Parecer em Incidente de Inconstitucionalidade

 

Processo n. 0011458-58.2016.8.26.0000

Suscitante: 9° Câmara de Direito Público do Tribunal de Justiça de São Paulo

 

 

Ementa:

1) Lei Municipal nº 5.362, de 20 de maio de 2008, de Indaiatuba, que “dispõe sobre a obrigatoriedade das concessionárias de automóveis plantarem árvores para  a mitigação do efeito estufa”.

2) Competência concorrente da União e dos Estados para legislar sobre proteção ao meio ambiente e controle da poluição (art. 24, VI, da CR). Competência comum da União, Estados, Distrito Federal e Municípios, para cuidar da saúde, proteger o meio ambiente e combater a poluição (art. 23, II, VI e VII, da CR).

3) Legislação municipal editada para atender ao interesse local, suplementando a legislação da União e do Estado relativa à proteção do meio ambiente (art. 30, I e II, da CR). Incumbência do Poder Público, em todas as suas esferas, de controlar a produção, comercialização e o emprego de técnicas, métodos e substâncias que comportem risco para a vida, a qualidade de vida e o meio ambiente (art. 225, § 1º, V, da CR/88).

4) Exigência legal que viola, no entanto, o princípio da razoabilidade (art. 111, CE).

 

Colendo Órgão Especial:

 

Trata-se de arguição de inconstitucionalidade suscitada pela C. 9ª Câmara de Direito Público, quando do julgamento do Agravo de Instrumento nº 2222940-19.2015.8.26.0000, relator o Desembargador Moreira de Carvalho, na sessão de julgamento realizada em 11 de novembro de 2015 (v. acórdão às fls. 49/54).

A Col. Câmara suscitou a inconstitucionalidade relativamente à Lei n. 5.362/08, do Município de Indaiatuba, que “Dispõe sobre a obrigatoriedade das concessionárias de automóveis plantarem árvores para a mitigação do efeito estufa, e dá outras providências”, constando do julgado a seguinte ementa:

 “(...)

AGRAVO DE INSTRUMENTO – Decisão que concedeu tutela antecipada para suspender os efeitos da Lei Municipal n. 5.362/08, que determinou o plantio de uma árvore para cada veículo novo vendido por concessionária – Aparente inconstitucionalidade da norma que extrapola a competência municipal e não trata de assunto de interesse local – O reconhecimento da inconstitucionalidade em Segundo Grau, de maneira incidental, é de competência do Plenário desta Corte – Remessa dos autos ao Órgão Especial.

(...)”            

         É o relatório.

Cabe destacar, inicialmente, não se vislumbrar, na lei municipal em questão, qualquer inconstitucionalidade por afronta ao rol de competências atribuídas a cada um dos entes federativos.

De fato, não há dúvida de que o Município tem competência administrativa e legislativa para fins de promover a defesa do meio ambiente, bem como para zelar pela saúde dos munícipes.

Nada fácil se mostra conceituar “interesse local”.  Hely Lopes Meirelles esclarece que O que define e caracteriza o “interesse local”, inscrito como dogma constitucional, é a predominância do interesse do Município sobre o do Estado ou da União.”  Mais adiante, o mencionado autor citando Sampaio Dória, coloca que “O entrelaçamento dos interesses dos Municípios com os interesses dos Estados, e com os interesses da Nação, decorre da natureza mesma das coisas.

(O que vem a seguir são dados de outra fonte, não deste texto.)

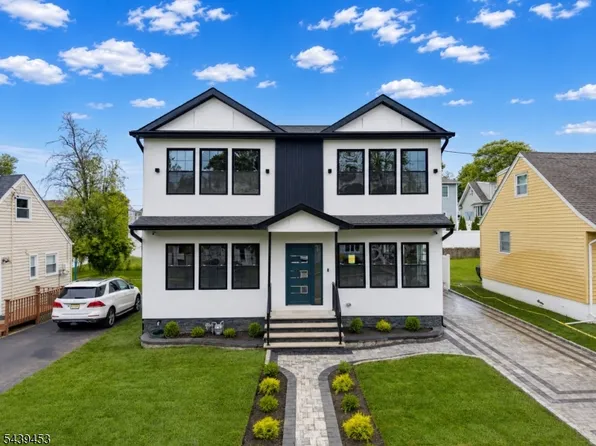 55 Long Hill Dr, Clifton City, NJ 07013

O que diferencia é a predominância, e não a exclusividade”. Assim, “(...) tudo quanto repercutir direta e imediatamente na vida municipal é de interesse peculiar do Município, embora possa interessar também indireta e mediatamente ao Estado-membro e à União.” (“Direito Municipal Brasileiro”, 6ª edição, Malheiros Editores, pág. 98 e 99). Não é outro o entendimento de Fernanda Dias Menezes, para quem “é inegável que mesmo atividades e serviços tradicionalmente desempenhados pelos municípios, como transporte coletivo, polícia das edificações, fiscalização das condições de higiene de restaurantes e similares, coletas de lixo, ordenação do uso do solo urbano, etc., dizem secundariamente com o interesse estadual e nacional” (in “Competências na Constituição de 1988, Atlas, 1991).

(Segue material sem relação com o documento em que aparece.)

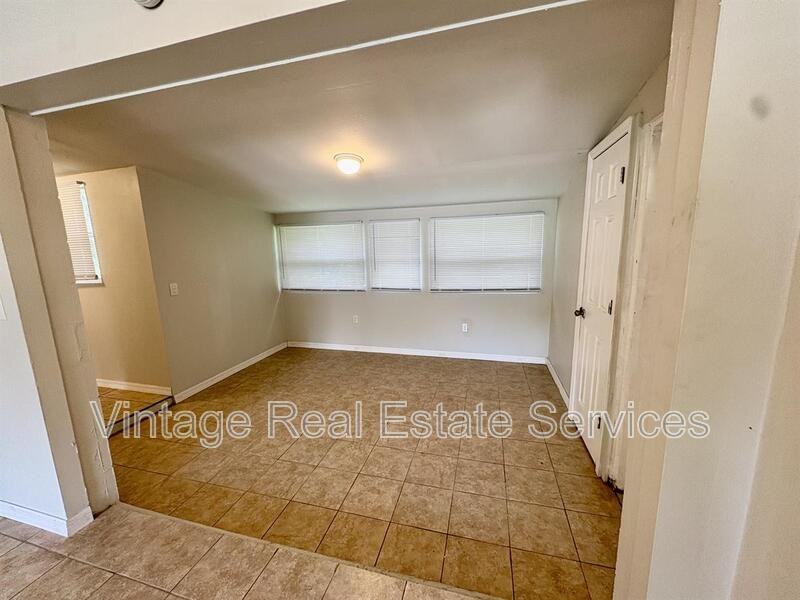 2810 Hwye - Photo 3 of 11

No caso em apreço, as condutas impostas aos particulares referem-se diretamente à defesa do meio ambiente ecologicamente equilibrado, tutelam as futuras gerações e protegem a qualidade de vida dos munícipes, estando, pois, o Município apto a legislar a tal respeito, sem ofensa ao princípio da autonomia dos entes federativos.

Nesse sentido, o que dispõe o art. 23, II, VI, VII, da Constituição Republicana, que atribui competência concorrente à União, aos Estados, ao Distrito Federal e aos Municípios para: (a) cuidar da saúde; (b) proteger o meio ambiente e combater a poluição em qualquer de suas formas; e (c) preservar as florestas, a fauna e a flora.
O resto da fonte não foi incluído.